Zoanthamine-type alkaloids display a wide spectrum of biological effects. This study aimed to examine the inhibitory effects of norzoanthamine and its ten homologues of zoanthamine class on human fibroblast collagenase by modeling a three-dimensional structure of the ligands at collagenase using energy minimization, docking, molecular dynamics simulation and MM-PB/GBSA binding free energy calculations.
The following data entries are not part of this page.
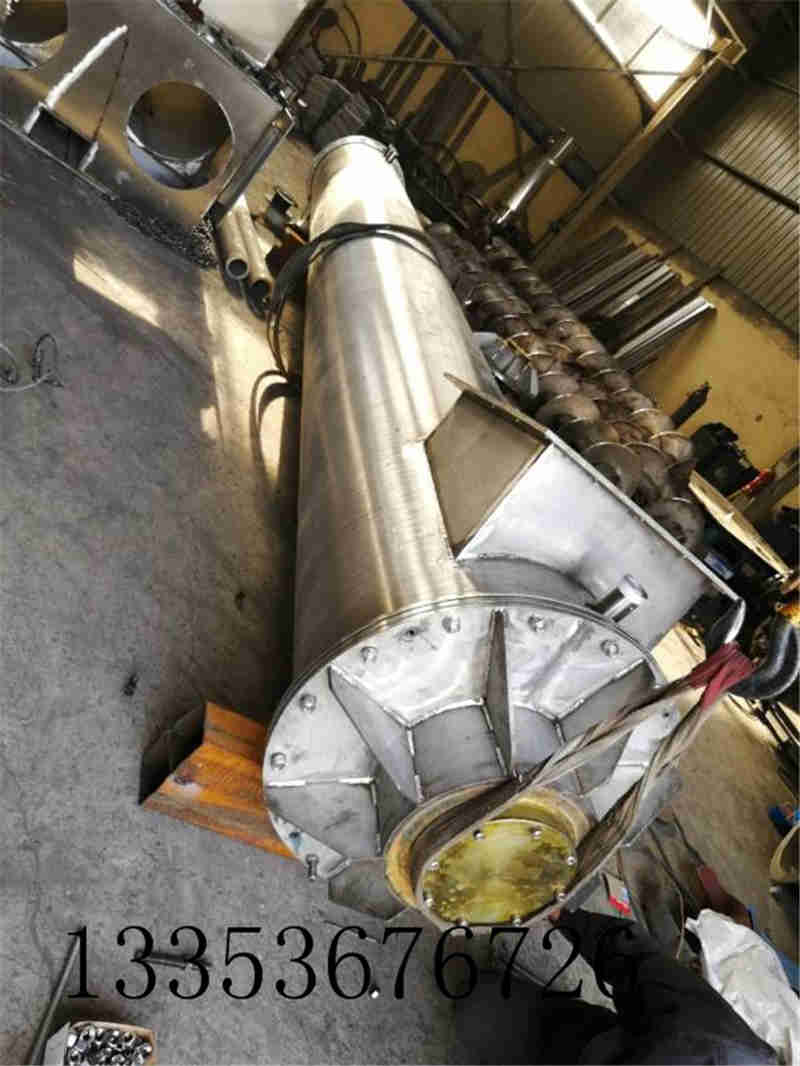 高溫水冷螺旋輸送機1 高溫水冷螺旋輸送機1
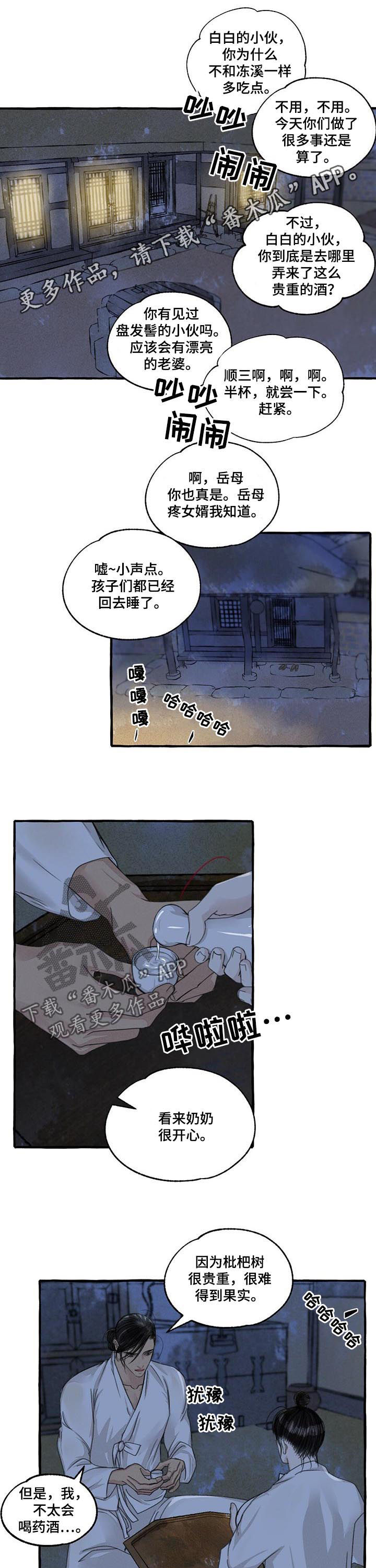冒险秘密漫画,第92章：喝醉1图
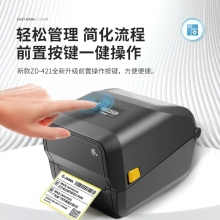 ZEBRA斑马ZD421标签条码打印机不干胶服装吊牌外卖快递二维码电子面单固定资产打印桌面办公GT800升级款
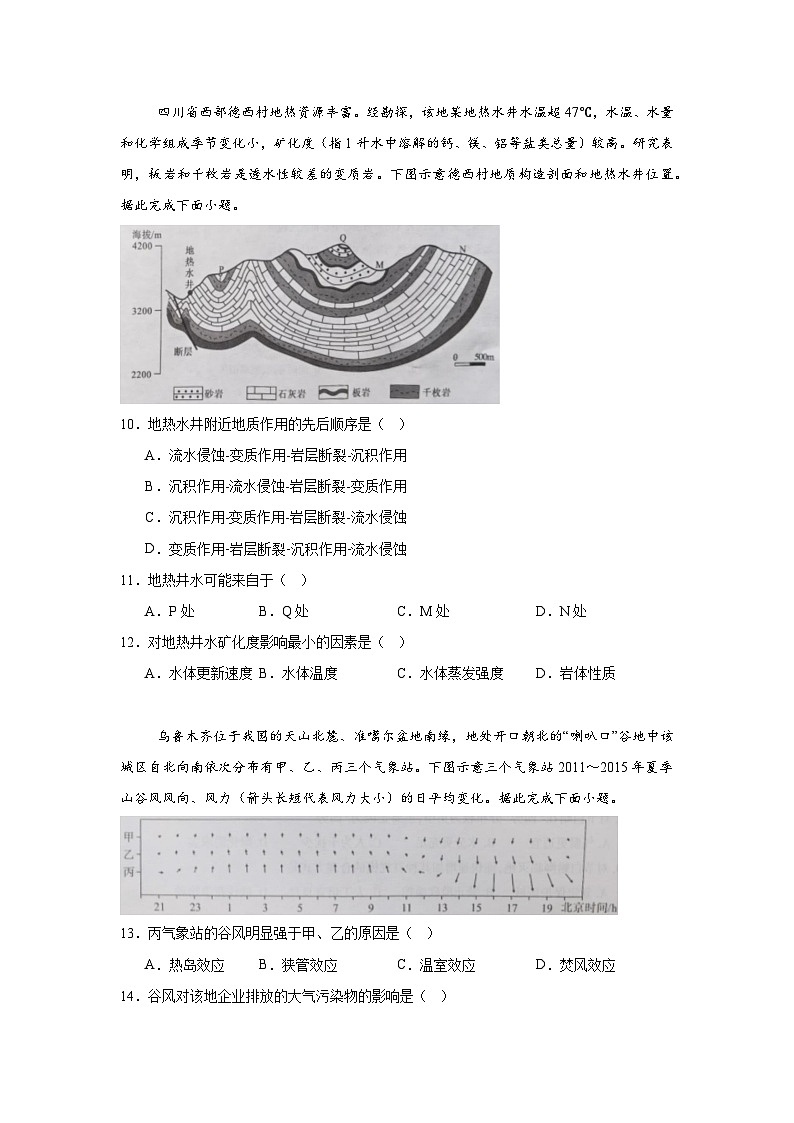 湖北省武汉市2024-2025学年高三下学期2月调研考试（一模）地理试题第3页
The results showed that zoanthamide, zooxathellamine and enol-iminium form of norzoanthamine, with lower binding free energies than other compounds, are potent inhibitors of collagenase. However, the enol-iminium form of norzoanthamine showed a more inhibitory activity against collagenase than its keto form. This suggests that it can be used for treatment of many diseases such as osteoporosis, autoimmune diseases, and cancer. Zinc-binding residues such as His 118, His 122 and His 128 for hydrogen bonds and Leu 81, Tyr 110, Val 115, Leu 126, Pro 138, Ser 139 for hydrophobic interactions should be considered for designing an inhibitor for collagenase. Our theoretical results and MM/GBSA binding free energy calculations are consistent with experimental studies.